Code Monkey home page Code Monkey logo

convdr's Introduction

ConvDR

This repo contains code and data for SIGIR 2021 paper "Few-Shot Conversational Dense Retrieval".

Prerequisites

Install dependencies:

git clone https://github.com/thunlp/ConvDR.git
cd ConvDR
pip install -r requirements.txt

We recommend set PYTHONPATH before running the code:

export PYTHONPATH=${PYTHONPATH}:`pwd`

To train ConvDR, we need trained ad hoc dense retrievers. We use ANCE for both tasks.

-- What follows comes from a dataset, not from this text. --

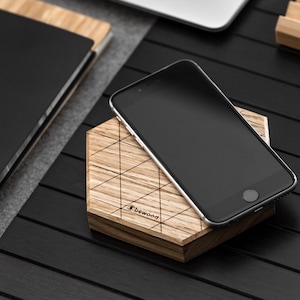 Wireless 15W Charger QI Hexagon Oak - for iPhone, Samsung Galaxy Wooden Wireless Charging Station - Inductive Wood Phone Charging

Please downloads those checkpoints here: TREC CAsT and OR-QuAC. For TREC CAsT, we directly use the official model trained on MS MARCO Passage Retrieval task. For OR-QuAC, we initialize the retriever from the official model trained on NQ and TriviaQA, and continue training on OR-QuAC with manually reformulated questions using the ANCE codebase.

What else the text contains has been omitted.